== Task item ==
The result should hold only the lines from the one with "What do you do? Elon Musk" through the final line of the data below, transcribed exactly, pictures left out.
————
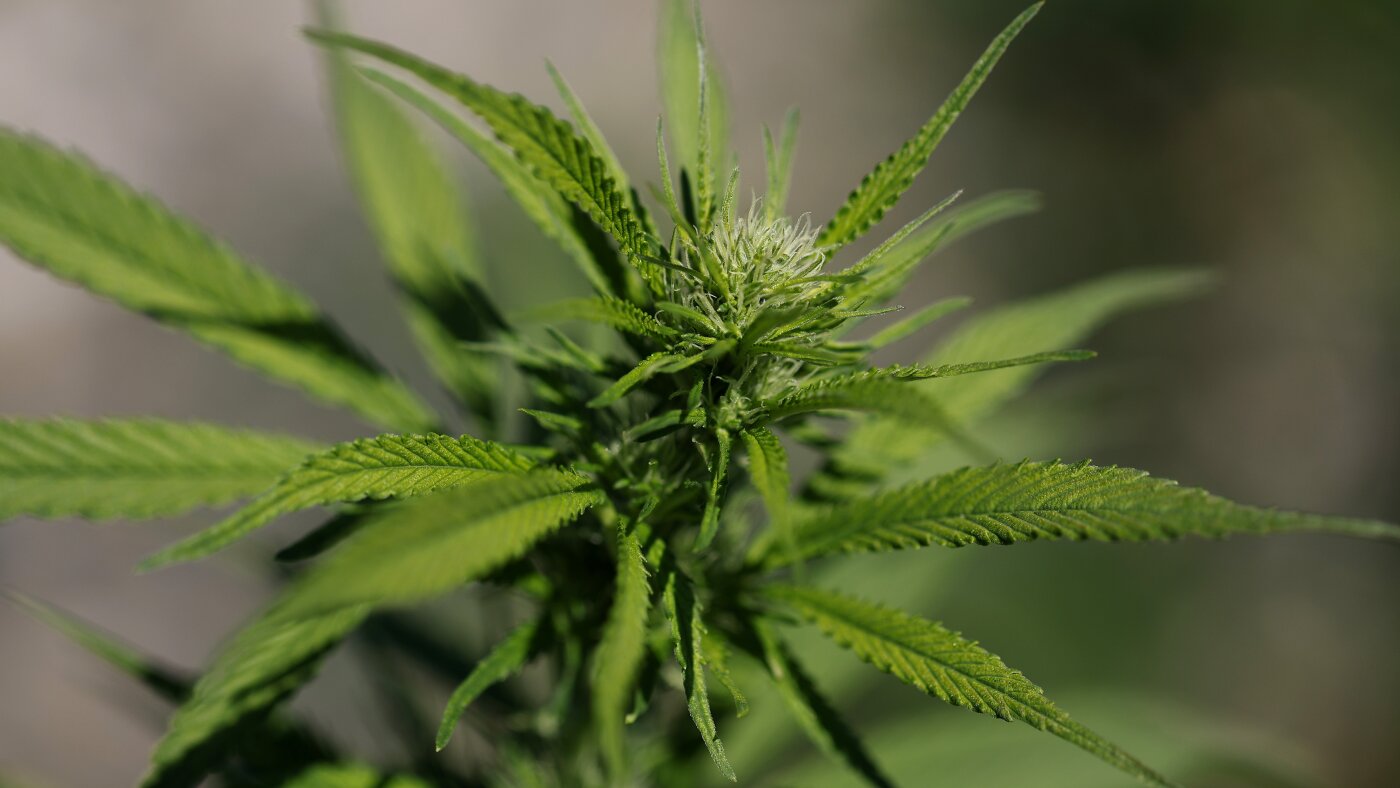 Limited research backing cannabis for mental health issues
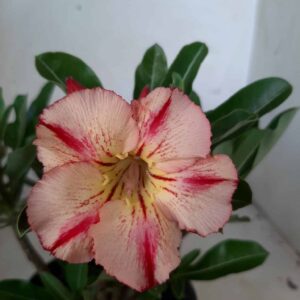 Planta Simples 1831 – 22cm – 01 ano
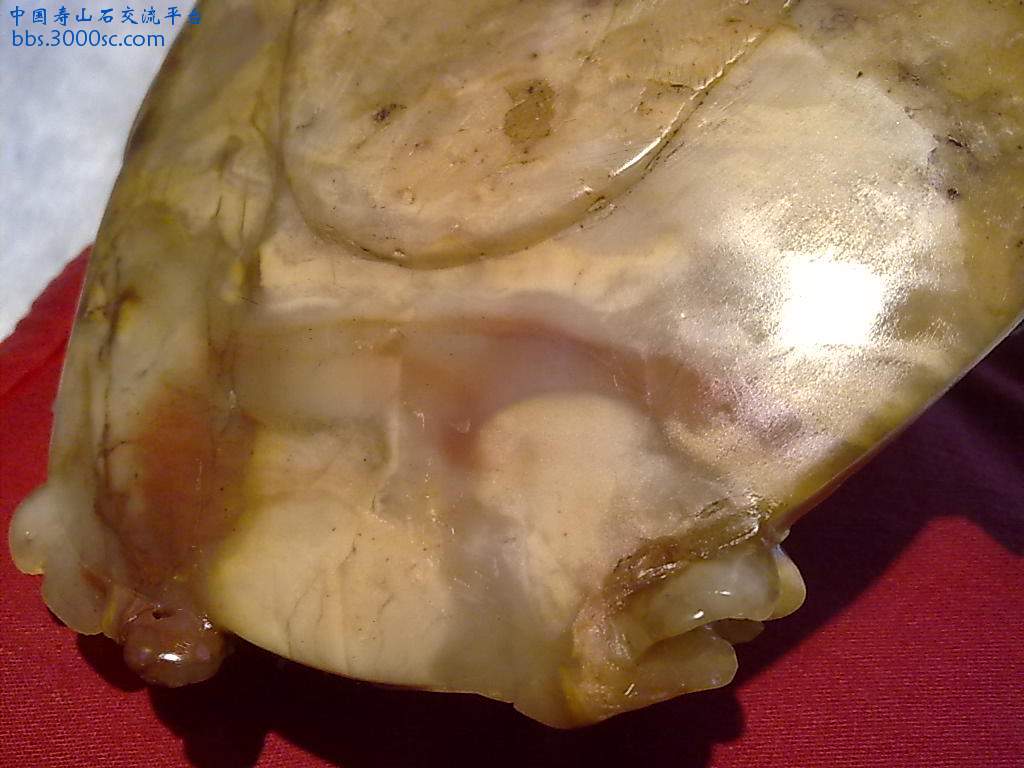 201004081121.jpg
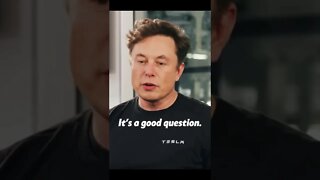 What do you do? Elon Musk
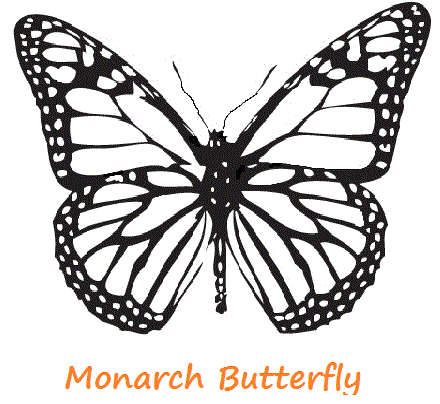 440x404 Butterfly Coloring Pages Butterfly, Tattoo And Stenciling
————
== Task response ==
 What do you do? Elon Musk
 440x404 Butterfly Coloring Pages Butterfly, Tattoo And Stenciling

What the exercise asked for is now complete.